The survey, which covers July, shows businesses and households are more pessimistic about their financial situations following the vote.
The Bank of Ireland Economic Pulse stood at 91.2 in July, its lowest reading this year.
The index, which combines the results of the consumer and business pulses, was down 10.3 on June.
It also suggested a steep drop in sentiment across a range of sectors, with retail and construction companies seeing the sharpest drops.
The Business Pulse also fell to a 2016 low in July, coming in at 91.6 (down 11.1 on June’s reading).
The retail and construction pulses saw very steep drops in July (-21.5 and -18.2 respectively), with sentiment among service firms also down (-9.0), less so among industry (-1.5).

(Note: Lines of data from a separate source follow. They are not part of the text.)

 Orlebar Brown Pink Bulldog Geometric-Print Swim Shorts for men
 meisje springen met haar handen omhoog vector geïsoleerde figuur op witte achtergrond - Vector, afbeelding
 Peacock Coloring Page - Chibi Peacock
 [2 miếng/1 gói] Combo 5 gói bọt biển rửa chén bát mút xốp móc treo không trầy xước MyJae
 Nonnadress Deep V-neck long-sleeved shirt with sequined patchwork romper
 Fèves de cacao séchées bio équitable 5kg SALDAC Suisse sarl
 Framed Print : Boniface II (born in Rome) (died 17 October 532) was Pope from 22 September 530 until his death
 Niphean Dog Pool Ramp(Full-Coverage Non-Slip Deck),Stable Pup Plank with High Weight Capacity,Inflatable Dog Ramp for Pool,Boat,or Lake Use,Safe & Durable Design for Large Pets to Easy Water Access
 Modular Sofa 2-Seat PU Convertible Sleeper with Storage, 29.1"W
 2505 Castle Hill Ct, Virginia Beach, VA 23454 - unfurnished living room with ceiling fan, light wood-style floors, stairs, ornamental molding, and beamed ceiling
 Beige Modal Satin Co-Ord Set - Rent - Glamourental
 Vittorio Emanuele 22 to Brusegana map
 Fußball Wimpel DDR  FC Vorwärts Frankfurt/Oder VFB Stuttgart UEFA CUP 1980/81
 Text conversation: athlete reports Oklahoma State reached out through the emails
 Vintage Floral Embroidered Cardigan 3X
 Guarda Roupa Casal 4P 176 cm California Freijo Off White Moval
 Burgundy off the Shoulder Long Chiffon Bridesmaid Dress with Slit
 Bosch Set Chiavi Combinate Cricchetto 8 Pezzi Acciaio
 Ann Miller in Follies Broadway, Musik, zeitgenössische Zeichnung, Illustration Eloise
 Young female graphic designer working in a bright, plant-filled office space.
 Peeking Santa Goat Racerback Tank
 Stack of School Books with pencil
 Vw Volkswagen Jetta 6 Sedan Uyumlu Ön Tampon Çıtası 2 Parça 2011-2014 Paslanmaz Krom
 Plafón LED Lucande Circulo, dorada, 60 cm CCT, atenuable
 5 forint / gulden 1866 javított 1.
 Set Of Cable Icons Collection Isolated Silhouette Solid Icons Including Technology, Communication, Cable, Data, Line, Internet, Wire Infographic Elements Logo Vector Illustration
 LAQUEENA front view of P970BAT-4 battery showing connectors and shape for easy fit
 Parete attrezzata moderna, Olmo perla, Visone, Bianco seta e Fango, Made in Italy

Firms in all four sectors pared back their assessment of business prospects and hiring plans for the coming three months, though looking further ahead, the majority have ambitions to grow their businesses over the next one to three years.
The July survey findings also indicate that 38% of firms in industry and services, 25% in retail and 35% in construction are planning on increasing basic pay in the next 12 months.
Consumers were also less optimistic in the month, with fewer respondents seeing now as being a good time to buy a big ticket item and a rise in the number expecting their financial situation to worsen over the next year.
The July surveys were carried out after the UK’s Brexit referendum vote.
Commenting on the latest Economic Pulse, Group Chief Economist with Bank of Ireland Dr Loretta O’ Sullivan said: “Brexit has generated a lot of uncertainty and, as expected, consumer and business confidence took a large hit in July. We will be closely monitoring the data to see if this is sustained over the coming months.”
The Economic Pulse surveys are conducted by Ipsos MRBI on behalf of the Bank with 1,000 households and over 2,000 businesses on a range of topics including the economy, their financial situation, spending plans, house price expectations and business activity.
Strong drop in sentiment evident in border regions
Sentiment among consumers and businesses was down in all regions in July, led by Munster.
Expectations for business activity and hiring over the coming three months were softer, particularly in Connaught and Ulster.
The June surveys were conducted prior to the UK’s referendum on the EU, whereas the July surveys were carried out post the vote to leave.